Plastics were one of the larger volume recyclables being impacted by the slowdown. However, that hasn’t impacted the world’s largest plastics recycler and post-consumer resin supplier for No. 2, HDPE (high-density polyethylene), and No. 5, PP (polypropylene), which is just up the road in Troy, Alabama. KW Plastics has more than 100 million pounds of silo capacity and the equipment needed to process over 1 billion pounds of plastics annually.
KW’s Director of Market Development Stephanie Baker said they don’t get a lot of plastic from Alabama.
“If we had to rely on what we get from Alabama, we wouldn’t even be able to run two days a week,” she said. “We would love to get plastic from communities in Alabama. We pay for the material and the price does include us sending a truck to pick it up.”
KW stands for the first letters in the two founders’ first names, Kenny Campbell and Wiley Sanders, pioneers in the recycling business. It started in 1981 when the two decided to turn piles of excess plastics into marketable recycled plastic products such as plastic sheets. Their business expanded as they researched, experimented and perfected their recycling process.

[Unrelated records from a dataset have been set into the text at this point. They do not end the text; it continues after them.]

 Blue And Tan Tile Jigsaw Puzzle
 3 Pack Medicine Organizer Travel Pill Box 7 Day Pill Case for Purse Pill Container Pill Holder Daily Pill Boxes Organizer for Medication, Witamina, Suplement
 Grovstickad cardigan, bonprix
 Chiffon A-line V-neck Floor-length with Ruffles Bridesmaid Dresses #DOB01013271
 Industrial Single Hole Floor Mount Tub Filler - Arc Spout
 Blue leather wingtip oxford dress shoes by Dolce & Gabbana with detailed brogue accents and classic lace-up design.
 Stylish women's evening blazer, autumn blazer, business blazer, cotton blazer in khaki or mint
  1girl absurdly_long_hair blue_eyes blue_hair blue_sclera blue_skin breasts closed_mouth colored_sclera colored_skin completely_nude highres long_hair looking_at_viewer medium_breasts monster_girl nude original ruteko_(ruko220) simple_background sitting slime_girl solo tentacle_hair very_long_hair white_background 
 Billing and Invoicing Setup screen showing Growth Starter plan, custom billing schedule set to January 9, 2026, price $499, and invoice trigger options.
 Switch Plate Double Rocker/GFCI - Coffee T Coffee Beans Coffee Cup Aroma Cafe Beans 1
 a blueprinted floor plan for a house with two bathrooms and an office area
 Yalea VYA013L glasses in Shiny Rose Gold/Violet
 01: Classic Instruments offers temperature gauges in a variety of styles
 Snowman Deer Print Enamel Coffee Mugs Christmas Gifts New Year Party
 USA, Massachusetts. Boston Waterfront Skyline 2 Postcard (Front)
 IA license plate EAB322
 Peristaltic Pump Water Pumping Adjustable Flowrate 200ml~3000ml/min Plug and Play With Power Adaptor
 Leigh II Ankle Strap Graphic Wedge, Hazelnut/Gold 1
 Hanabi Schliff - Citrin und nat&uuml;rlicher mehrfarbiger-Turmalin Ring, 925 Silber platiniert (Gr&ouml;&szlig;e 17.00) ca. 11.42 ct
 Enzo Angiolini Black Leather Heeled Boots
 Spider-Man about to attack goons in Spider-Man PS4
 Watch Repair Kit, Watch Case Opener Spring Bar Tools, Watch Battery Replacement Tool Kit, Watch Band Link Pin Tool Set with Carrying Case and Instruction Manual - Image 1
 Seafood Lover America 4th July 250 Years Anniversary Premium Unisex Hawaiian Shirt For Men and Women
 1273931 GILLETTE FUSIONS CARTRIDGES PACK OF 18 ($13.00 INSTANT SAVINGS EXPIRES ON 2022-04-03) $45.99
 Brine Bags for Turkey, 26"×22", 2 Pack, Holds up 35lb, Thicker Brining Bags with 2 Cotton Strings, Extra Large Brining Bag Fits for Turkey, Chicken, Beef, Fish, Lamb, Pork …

Today, using enormous machines housed in acres and acres of covered facilities, they take in No. 2 and No. 5 plastic and produce high-quality plastic resins in the form of tiny pellets. They then sell the resins to companies who need it to produce new plastic products.
However, they have to receive a clean stream of No. 2 and No. 5 plastics and will only pick up and transport if that is so. This means anyone wanting to sell to them must have a good system to bundle these products without contaminating them with other plastics or trash. In many places, including Baldwin County right now, that isn’t happening. The bundles here include all plastics, Nos. 1 through 7. It would take considerably more manpower and time to separate out No. 2 and No. 5 to bundle separately.
“That’s not something we could accommodate currently but could look to implement it in the future,” Graham said. She noted the county does often ship their bundles of mixed plastics to a materials recovery facility, a specialized plant that receives, separates and prepares recyclable materials for marketing to specific end-user manufacturers.
Currently personnel cost for recycling in Baldwin County is about $160,000 per year, which is absorbed in the county landfill operating budget, according to Graham. The cost to haul the recycle bins weekly is about $54,000 annually, also absorbed in the landfill operating budget along with ancillary costs for items such as building costs and utilities.
Future chapters of Baldwin County’s recycle story are as yet unwritten.
“I think as the recycling industry evolves and changes over the next few years, opportunities will present themselves for expanded and enhanced operations,” Graham said optimistically. “I do not know at this time what those opportunities might be, but the Baldwin County Commission is always looking for ways to offer more services and improve our processes and operations. So I look forward to what the future holds.”
The author retired after 20 years in the U.S. Marine Corps, followed by 15 years as a municipal director before becoming a freelance writer. He is now a frequent contributor to the Baldwin Edition of Lagniappe.